Write again exactly the lines in the listing below, starting at the line with "Nobuck Lace-Up Flat Sandal" and ending at the line with "Wheatley Group – Big buttons", both included. Pictures are not copied.

[Data to examine]

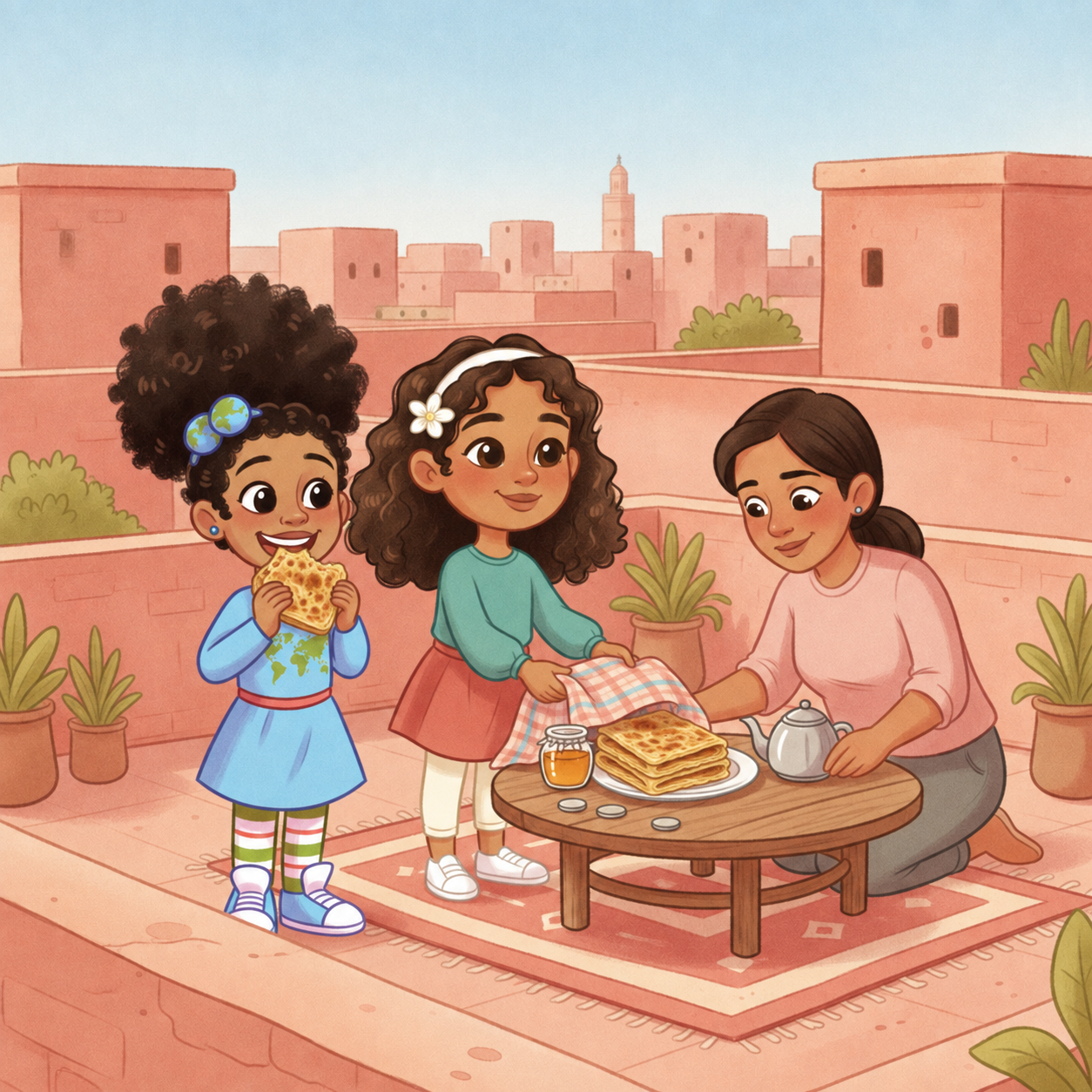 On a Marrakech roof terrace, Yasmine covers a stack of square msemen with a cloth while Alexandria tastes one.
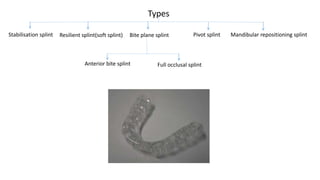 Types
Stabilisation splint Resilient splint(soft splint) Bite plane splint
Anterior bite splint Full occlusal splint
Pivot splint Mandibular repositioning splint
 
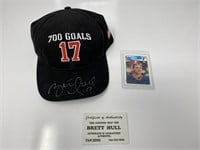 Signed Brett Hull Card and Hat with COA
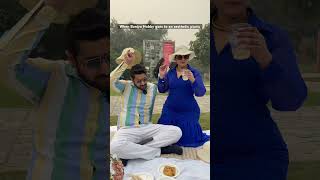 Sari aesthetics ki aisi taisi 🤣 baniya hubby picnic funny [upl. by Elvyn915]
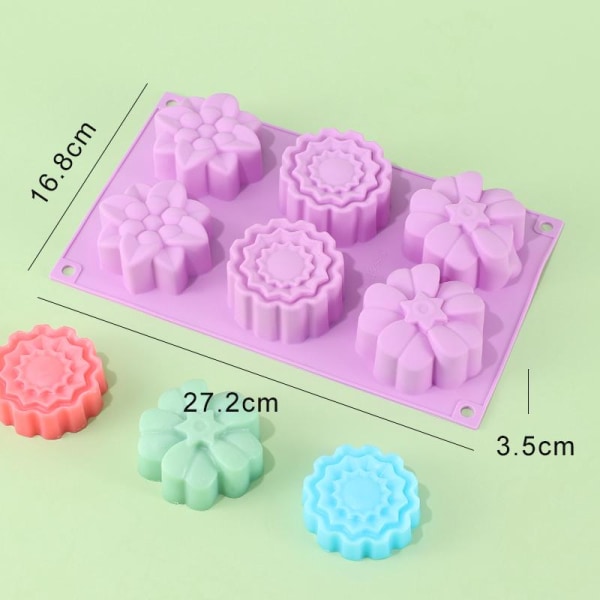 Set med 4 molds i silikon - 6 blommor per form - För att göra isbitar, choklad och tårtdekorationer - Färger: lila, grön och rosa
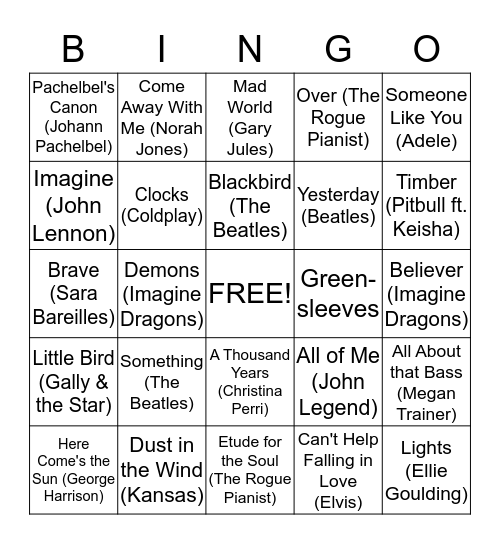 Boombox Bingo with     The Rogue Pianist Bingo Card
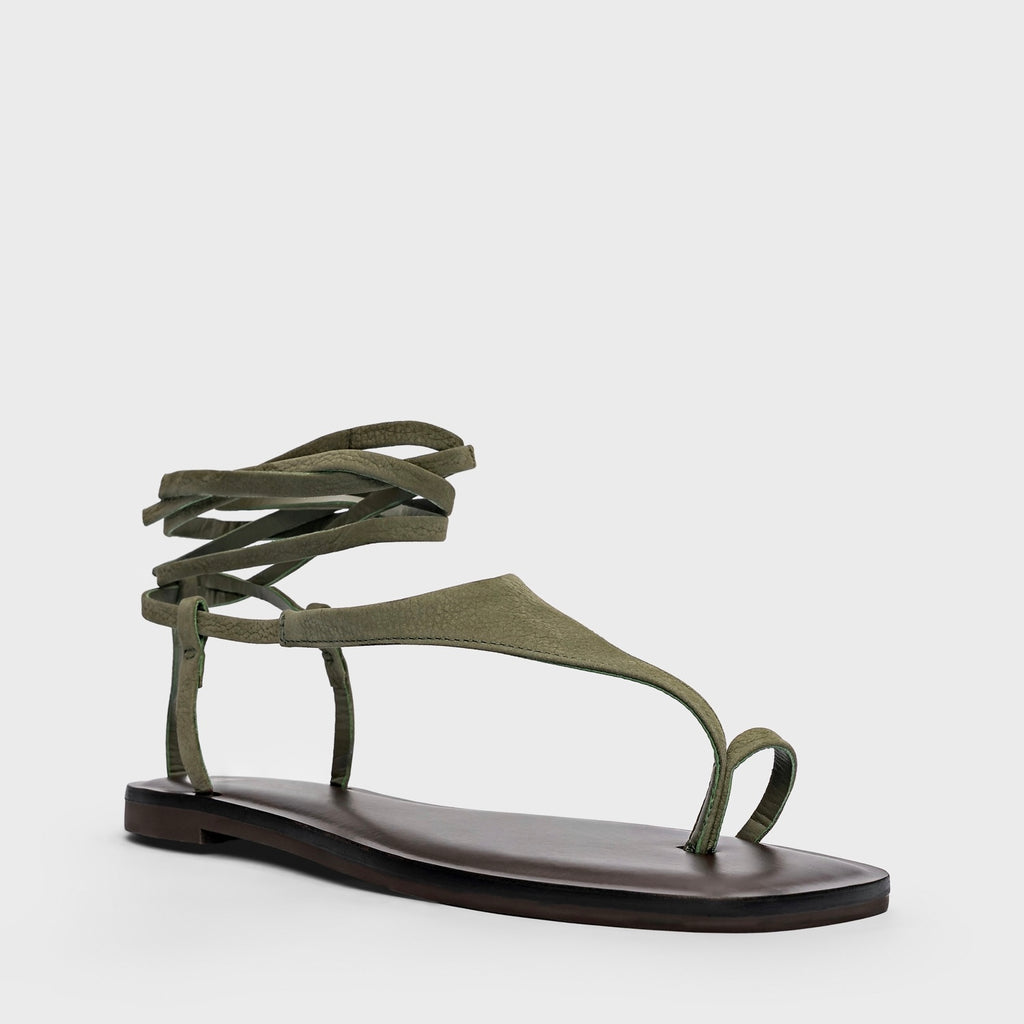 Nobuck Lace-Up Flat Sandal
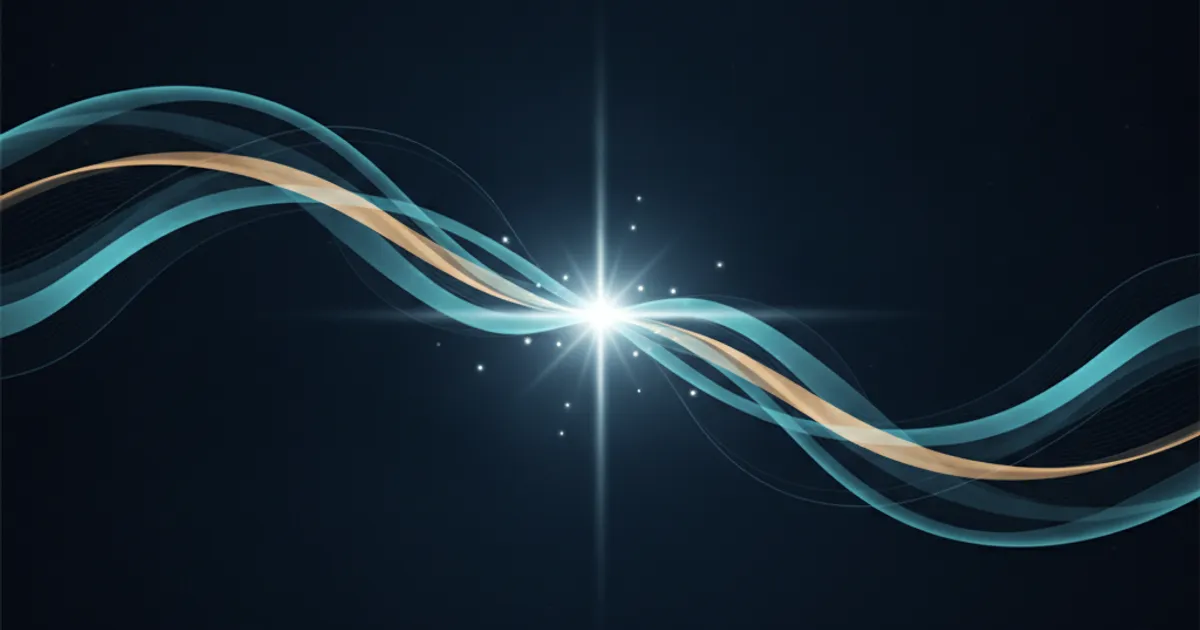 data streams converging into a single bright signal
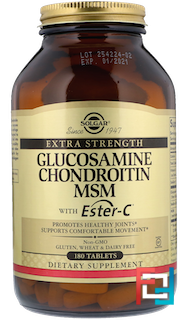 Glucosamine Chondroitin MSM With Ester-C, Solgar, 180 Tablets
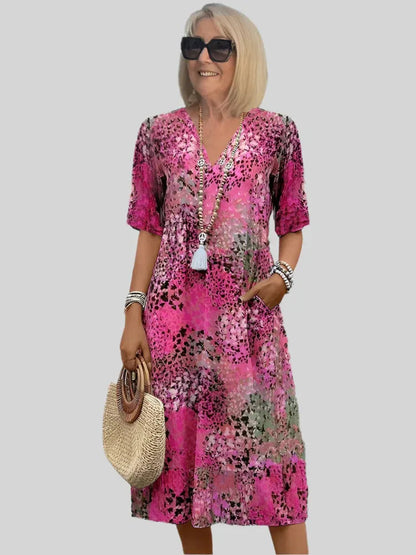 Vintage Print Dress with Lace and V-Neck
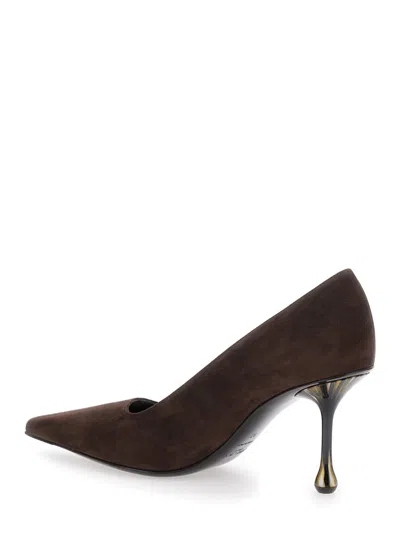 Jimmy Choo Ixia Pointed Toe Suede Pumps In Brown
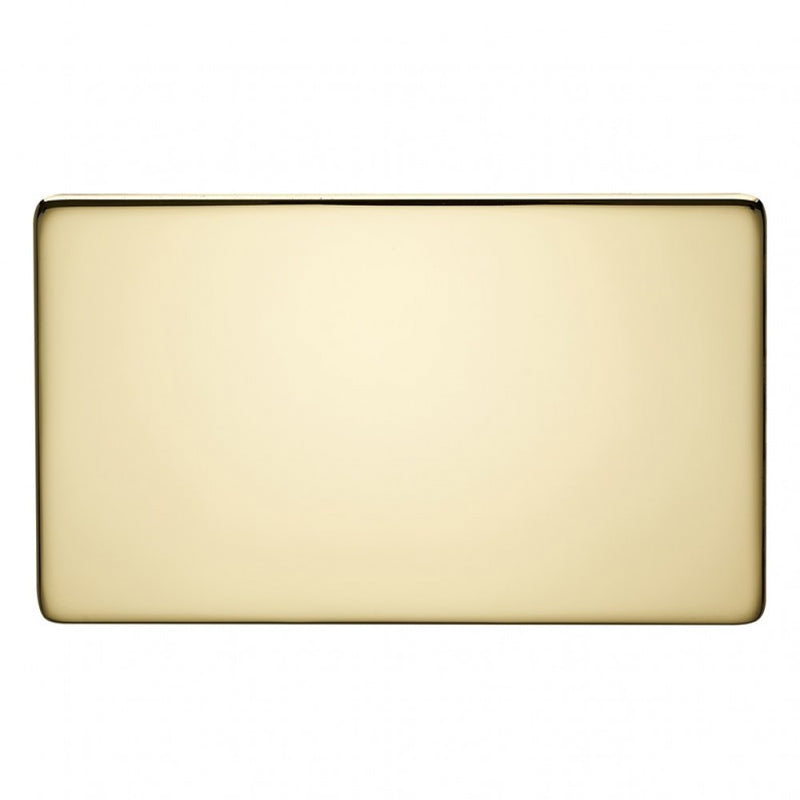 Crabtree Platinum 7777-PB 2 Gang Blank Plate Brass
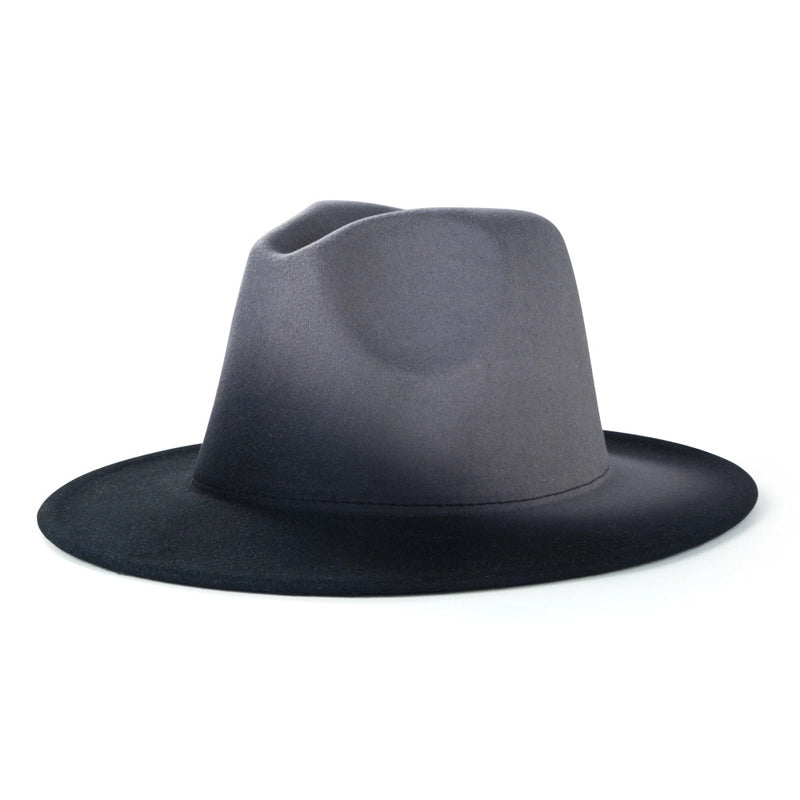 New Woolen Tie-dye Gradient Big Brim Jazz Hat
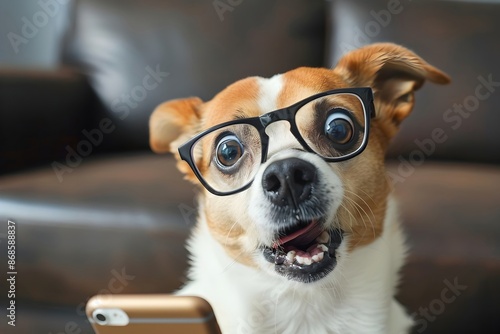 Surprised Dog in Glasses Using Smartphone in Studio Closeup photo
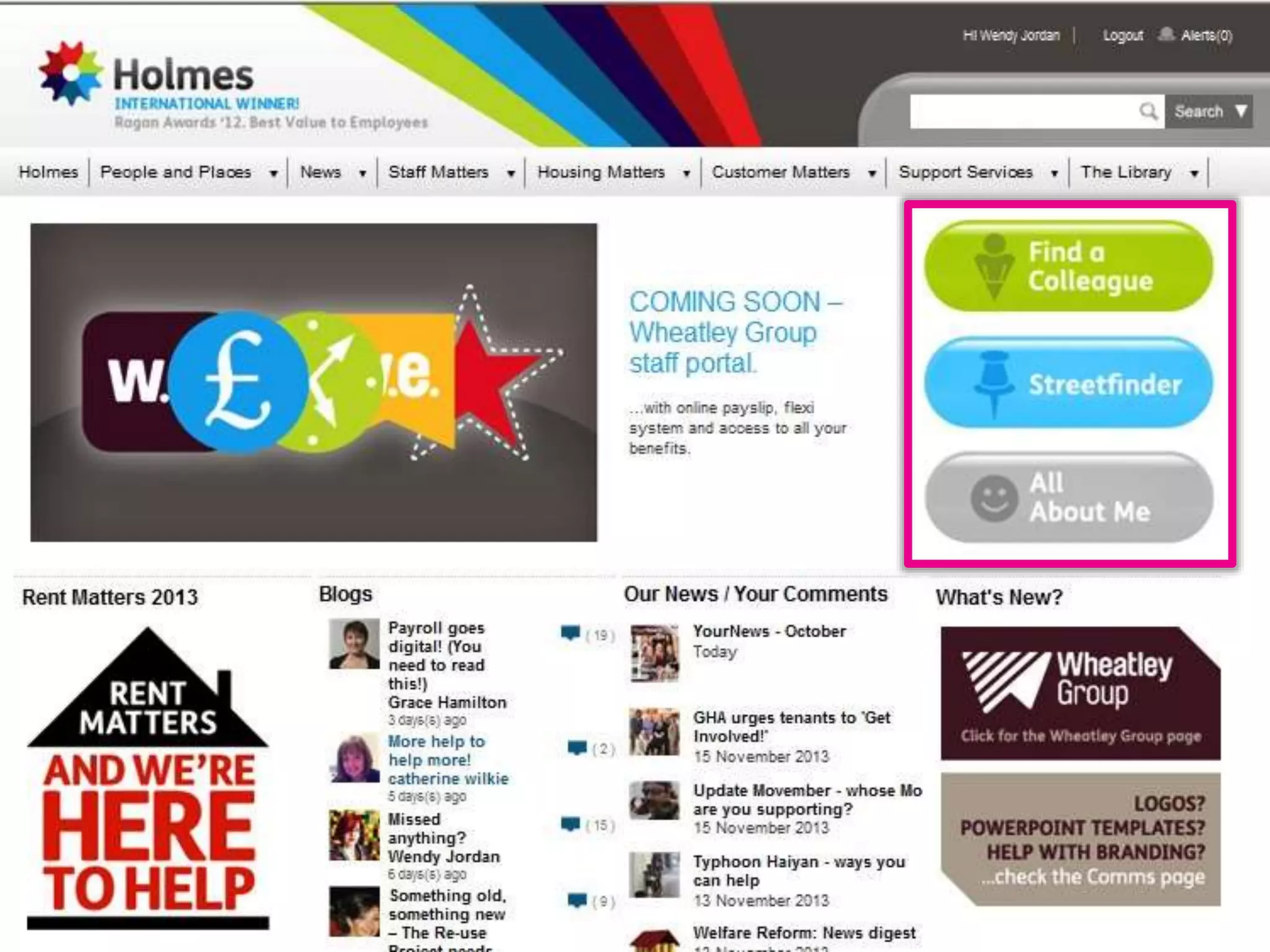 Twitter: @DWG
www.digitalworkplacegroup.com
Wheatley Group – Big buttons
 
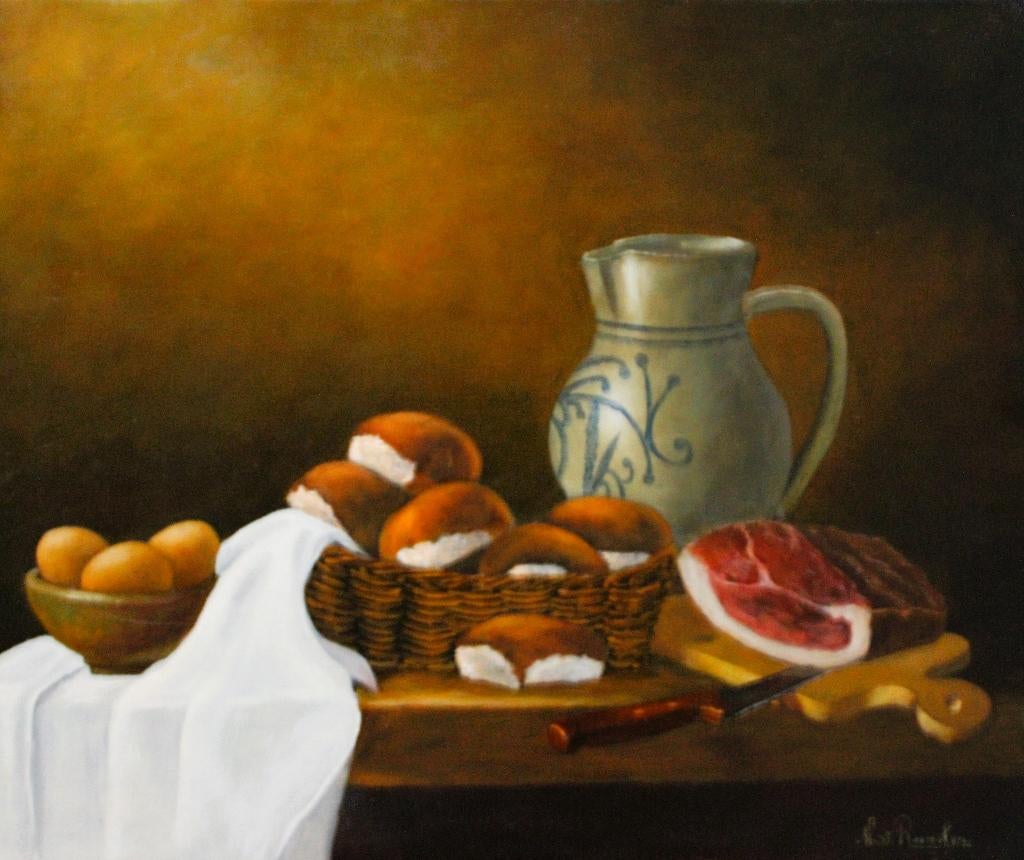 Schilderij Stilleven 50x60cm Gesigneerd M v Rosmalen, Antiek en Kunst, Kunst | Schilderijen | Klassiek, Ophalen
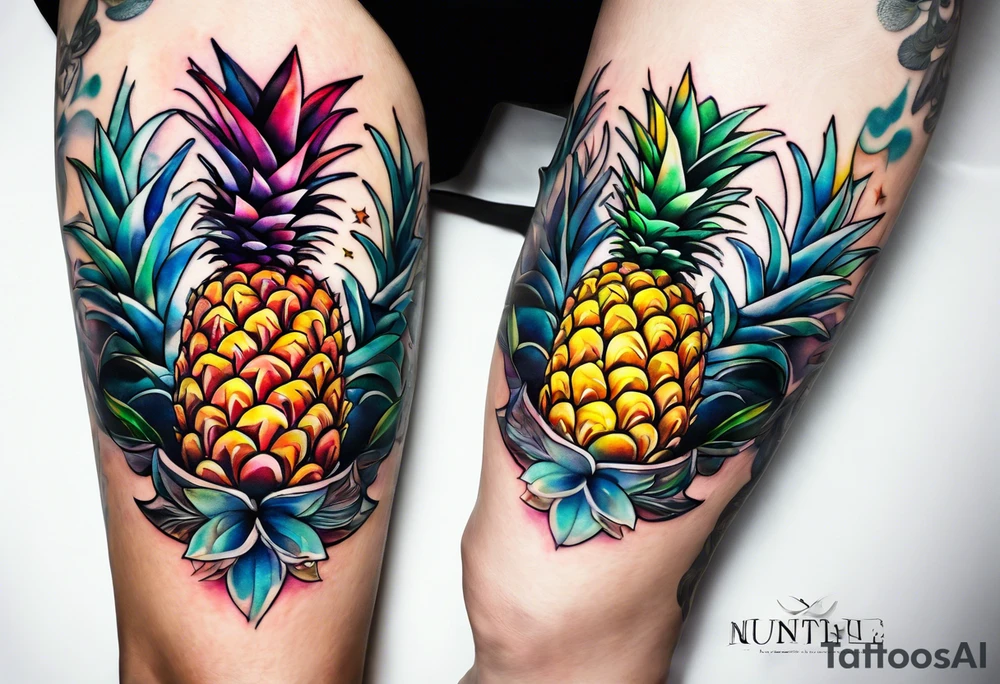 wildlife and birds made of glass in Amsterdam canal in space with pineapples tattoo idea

[/Data to examine]

▸ Written answer:
 Nobuck Lace-Up Flat Sandal
 data streams converging into a single bright signal
 Glucosamine Chondroitin MSM With Ester-C, Solgar, 180 Tablets
 Vintage Print Dress with Lace and V-Neck
 Jimmy Choo Ixia Pointed Toe Suede Pumps In Brown
 Crabtree Platinum 7777-PB 2 Gang Blank Plate Brass
 New Woolen Tie-dye Gradient Big Brim Jazz Hat
 Surprised Dog in Glasses Using Smartphone in Studio Closeup photo
 Twitter: @DWG
www.digitalworkplacegroup.com
Wheatley Group – Big buttons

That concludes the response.